If you can find any writings outside of the bible that deal with Jesus, that are dated at the same time Jesus existed, then I might believe that Jesus existed as a man. As it stands, the only writings of Jesus were written many, many years after his alleged death. You'd think with all his miracles, someone would have written about him quite a bit, while he was alive.

And besides, Jesus' story isn't exactly unique. There were many gods before Jesus that had the exact same "born of a virgin, performed miracles, crucified, resurrected three days later" story.

Thesauros said...

"There were many gods before Jesus that had the exact same "born of a virgin, performed miracles, crucified, resurrected three days later" story."

Who? Give me the citations

Còmhradh said...

"There were many gods before Jesus that had the exact same "born of a virgin, performed miracles, crucified, resurrected three days later" story."

Who? Give me the citations


How about Mithras for starters?

Thesauros said...

“How about Mithras for starters?”

Mithras! He didn’t rise from the dead ya goof. He was cut up into fourteen pieces. His sister put him back together with all but one piece and he spent the rest of his time walking around the underworld as a thirteen piece zombie. Good grief man, that’s pitiful. You can try again but none of the others are any better.

Còmhradh said...

Mithras! He didn’t rise from the dead ya goof. He was cut up into fourteen pieces. His sister put him back together with all but one piece and he spent the rest of his time walking around the underworld as a thirteen piece zombie.

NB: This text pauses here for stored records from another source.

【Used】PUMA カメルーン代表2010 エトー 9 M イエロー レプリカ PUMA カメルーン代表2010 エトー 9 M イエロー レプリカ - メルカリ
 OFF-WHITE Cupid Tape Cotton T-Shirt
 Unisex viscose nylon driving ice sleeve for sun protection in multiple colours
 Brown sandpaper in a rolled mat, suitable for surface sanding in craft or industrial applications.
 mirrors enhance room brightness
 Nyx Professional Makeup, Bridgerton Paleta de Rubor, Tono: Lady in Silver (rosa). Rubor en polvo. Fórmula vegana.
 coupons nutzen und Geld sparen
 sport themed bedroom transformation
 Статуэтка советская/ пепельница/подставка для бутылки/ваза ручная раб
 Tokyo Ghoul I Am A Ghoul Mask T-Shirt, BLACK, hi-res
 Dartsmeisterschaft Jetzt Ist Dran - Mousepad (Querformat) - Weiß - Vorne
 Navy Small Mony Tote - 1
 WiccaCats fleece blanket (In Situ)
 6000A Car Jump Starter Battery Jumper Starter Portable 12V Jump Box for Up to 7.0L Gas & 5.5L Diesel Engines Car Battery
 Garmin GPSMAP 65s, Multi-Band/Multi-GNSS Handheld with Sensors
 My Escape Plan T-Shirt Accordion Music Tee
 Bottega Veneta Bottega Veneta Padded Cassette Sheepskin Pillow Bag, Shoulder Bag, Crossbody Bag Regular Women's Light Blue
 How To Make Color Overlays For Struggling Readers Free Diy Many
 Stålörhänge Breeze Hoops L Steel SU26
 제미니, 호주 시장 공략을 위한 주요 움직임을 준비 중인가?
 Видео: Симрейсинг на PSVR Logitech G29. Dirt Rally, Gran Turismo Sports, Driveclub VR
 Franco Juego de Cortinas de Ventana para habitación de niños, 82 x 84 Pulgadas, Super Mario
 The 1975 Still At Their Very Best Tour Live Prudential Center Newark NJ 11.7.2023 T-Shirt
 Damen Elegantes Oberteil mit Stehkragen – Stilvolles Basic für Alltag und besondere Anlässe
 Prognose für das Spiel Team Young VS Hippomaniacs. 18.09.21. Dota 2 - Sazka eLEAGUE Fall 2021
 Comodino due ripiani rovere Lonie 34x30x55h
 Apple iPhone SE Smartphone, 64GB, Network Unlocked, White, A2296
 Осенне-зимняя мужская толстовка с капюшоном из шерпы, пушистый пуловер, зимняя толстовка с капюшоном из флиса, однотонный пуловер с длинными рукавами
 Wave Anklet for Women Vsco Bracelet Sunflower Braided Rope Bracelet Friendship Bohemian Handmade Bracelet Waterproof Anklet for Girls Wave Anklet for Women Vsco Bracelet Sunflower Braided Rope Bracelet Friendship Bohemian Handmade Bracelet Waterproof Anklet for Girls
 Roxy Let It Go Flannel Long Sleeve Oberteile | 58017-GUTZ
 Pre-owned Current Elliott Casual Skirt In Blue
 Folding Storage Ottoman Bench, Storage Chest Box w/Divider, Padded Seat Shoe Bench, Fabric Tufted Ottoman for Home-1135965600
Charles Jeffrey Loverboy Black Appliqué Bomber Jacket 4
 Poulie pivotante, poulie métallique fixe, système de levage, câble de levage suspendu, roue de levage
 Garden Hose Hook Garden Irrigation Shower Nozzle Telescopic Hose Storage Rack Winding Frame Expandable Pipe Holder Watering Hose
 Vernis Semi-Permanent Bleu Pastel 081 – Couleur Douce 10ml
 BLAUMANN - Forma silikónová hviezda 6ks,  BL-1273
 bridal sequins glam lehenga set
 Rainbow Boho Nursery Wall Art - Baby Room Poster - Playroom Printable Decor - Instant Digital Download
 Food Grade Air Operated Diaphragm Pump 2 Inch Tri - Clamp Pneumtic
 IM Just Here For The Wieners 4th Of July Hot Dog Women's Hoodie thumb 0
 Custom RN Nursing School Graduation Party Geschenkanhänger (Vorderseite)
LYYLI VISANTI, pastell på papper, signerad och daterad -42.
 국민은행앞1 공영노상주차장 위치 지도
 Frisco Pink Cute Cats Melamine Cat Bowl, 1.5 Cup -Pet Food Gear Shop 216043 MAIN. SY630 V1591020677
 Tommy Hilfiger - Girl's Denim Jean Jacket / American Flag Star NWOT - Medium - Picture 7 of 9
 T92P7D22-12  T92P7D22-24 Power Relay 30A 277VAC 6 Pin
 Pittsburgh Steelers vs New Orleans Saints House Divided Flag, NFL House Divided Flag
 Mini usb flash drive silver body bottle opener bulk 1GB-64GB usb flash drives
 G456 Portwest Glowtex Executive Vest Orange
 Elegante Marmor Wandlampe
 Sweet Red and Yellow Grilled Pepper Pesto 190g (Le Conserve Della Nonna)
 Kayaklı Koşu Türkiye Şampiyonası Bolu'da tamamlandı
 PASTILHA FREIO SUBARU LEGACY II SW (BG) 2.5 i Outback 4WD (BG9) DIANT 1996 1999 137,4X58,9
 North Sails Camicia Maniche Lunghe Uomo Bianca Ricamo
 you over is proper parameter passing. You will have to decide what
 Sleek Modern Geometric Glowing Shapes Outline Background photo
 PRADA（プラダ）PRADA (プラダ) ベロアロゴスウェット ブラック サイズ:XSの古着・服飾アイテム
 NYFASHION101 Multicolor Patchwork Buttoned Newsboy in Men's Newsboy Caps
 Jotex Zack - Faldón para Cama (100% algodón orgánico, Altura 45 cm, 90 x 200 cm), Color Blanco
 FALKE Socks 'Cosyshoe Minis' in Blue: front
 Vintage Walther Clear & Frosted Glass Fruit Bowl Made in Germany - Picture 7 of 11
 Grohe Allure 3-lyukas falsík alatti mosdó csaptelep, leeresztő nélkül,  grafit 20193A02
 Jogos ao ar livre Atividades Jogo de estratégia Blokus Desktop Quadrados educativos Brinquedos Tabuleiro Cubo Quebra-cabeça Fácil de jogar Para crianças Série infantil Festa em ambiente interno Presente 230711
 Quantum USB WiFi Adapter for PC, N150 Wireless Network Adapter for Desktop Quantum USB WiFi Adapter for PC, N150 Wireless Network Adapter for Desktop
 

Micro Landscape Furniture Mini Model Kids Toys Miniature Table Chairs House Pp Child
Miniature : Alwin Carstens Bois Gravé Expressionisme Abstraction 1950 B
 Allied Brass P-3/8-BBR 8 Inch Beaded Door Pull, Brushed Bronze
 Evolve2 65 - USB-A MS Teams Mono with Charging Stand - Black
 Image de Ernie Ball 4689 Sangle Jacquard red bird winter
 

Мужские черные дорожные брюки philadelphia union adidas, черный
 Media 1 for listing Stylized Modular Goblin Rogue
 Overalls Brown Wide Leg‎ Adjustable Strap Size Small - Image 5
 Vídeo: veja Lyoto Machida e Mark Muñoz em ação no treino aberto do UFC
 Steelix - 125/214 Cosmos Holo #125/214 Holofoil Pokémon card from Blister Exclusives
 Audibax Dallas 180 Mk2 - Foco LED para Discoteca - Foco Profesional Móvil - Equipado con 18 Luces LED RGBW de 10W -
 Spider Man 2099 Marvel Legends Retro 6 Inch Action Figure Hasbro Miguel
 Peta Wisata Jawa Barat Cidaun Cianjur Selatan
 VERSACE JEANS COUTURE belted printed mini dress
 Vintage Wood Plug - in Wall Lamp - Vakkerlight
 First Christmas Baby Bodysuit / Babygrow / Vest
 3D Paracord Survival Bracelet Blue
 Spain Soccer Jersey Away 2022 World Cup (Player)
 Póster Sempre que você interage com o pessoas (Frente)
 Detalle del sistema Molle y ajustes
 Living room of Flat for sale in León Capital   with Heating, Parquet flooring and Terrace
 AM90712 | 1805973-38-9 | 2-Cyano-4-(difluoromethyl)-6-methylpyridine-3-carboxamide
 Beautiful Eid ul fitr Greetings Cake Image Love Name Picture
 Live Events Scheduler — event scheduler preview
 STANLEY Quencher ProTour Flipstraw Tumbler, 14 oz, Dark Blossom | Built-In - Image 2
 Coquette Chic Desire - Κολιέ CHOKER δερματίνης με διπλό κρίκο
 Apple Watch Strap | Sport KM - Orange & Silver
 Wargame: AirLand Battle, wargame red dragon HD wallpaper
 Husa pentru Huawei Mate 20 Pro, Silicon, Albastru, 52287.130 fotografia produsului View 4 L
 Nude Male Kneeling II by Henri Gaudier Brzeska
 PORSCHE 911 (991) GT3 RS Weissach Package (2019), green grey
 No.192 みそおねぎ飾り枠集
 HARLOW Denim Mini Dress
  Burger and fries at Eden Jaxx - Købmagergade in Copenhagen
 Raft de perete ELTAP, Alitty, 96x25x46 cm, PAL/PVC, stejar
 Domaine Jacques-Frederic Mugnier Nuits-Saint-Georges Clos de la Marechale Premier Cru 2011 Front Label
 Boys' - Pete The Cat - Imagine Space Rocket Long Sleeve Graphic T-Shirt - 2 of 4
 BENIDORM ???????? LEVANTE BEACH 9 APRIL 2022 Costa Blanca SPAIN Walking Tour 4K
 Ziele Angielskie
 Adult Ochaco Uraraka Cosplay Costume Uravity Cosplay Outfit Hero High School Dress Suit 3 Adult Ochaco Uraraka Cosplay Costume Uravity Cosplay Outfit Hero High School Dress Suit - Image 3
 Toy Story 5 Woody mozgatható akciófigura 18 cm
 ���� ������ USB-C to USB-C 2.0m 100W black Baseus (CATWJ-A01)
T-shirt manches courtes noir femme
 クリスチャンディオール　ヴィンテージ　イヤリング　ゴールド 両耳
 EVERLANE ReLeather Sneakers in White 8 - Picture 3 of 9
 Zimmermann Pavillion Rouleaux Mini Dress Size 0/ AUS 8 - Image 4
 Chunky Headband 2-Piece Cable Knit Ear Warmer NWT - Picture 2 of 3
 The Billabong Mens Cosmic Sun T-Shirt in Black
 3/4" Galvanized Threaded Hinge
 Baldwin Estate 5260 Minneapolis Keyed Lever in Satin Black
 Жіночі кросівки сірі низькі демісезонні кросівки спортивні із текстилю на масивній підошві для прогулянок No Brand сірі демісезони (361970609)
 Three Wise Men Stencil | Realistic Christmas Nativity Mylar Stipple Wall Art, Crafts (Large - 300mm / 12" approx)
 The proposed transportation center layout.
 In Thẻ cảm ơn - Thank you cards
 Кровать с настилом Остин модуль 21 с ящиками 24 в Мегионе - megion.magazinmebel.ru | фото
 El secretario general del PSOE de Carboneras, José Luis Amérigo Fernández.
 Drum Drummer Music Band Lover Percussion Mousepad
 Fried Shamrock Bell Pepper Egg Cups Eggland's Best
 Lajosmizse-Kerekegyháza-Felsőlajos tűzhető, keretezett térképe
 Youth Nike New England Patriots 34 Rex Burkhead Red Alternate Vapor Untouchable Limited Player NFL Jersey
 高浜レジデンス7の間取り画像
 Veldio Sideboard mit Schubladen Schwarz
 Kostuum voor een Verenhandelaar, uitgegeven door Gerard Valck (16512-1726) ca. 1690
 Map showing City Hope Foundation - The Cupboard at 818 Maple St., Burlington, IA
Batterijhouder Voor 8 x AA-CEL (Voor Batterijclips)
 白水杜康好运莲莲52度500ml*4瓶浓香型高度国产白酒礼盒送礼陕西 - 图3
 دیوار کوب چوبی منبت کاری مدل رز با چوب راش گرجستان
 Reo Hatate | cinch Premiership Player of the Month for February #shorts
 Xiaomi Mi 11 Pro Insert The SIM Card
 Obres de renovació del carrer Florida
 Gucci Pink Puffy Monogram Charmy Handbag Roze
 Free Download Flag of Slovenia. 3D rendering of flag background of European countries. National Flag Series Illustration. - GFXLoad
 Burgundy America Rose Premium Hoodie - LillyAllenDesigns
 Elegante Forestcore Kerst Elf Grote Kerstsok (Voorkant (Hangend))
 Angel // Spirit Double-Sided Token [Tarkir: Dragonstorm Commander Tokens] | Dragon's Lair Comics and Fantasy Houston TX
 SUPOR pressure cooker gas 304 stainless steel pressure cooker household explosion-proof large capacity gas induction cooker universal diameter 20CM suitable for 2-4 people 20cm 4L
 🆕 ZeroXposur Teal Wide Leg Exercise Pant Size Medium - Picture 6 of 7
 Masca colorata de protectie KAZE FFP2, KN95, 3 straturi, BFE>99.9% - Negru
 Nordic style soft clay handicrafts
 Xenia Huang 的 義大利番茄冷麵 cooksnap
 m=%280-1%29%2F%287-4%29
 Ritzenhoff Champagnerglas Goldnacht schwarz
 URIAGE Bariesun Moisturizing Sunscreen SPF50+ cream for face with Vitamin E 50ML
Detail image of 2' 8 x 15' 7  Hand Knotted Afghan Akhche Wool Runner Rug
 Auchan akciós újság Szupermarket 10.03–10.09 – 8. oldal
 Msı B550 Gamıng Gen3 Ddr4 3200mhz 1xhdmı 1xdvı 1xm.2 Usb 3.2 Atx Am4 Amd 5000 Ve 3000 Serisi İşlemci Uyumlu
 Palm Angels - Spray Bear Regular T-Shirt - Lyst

According to your particular brand of mythology. Mythologies changed time and again to suit the needs of the people, just as yours has. Prior to 325, there wasn't even a Bible. It was just a collection of works, a vast number of which didn't make the final cut. Since then, your mythology has changed and adapted for the times. Heck, your concept of the Rapture didn't even exist until the 1800s. On that point, and hundreds of others, large ecumenical debates hinge throughout the disparate parts that make up your "2 billion strong" religion.

So don't go arguing one point of someone else's mythology when you're hawking one that even confessed believers can't agree on.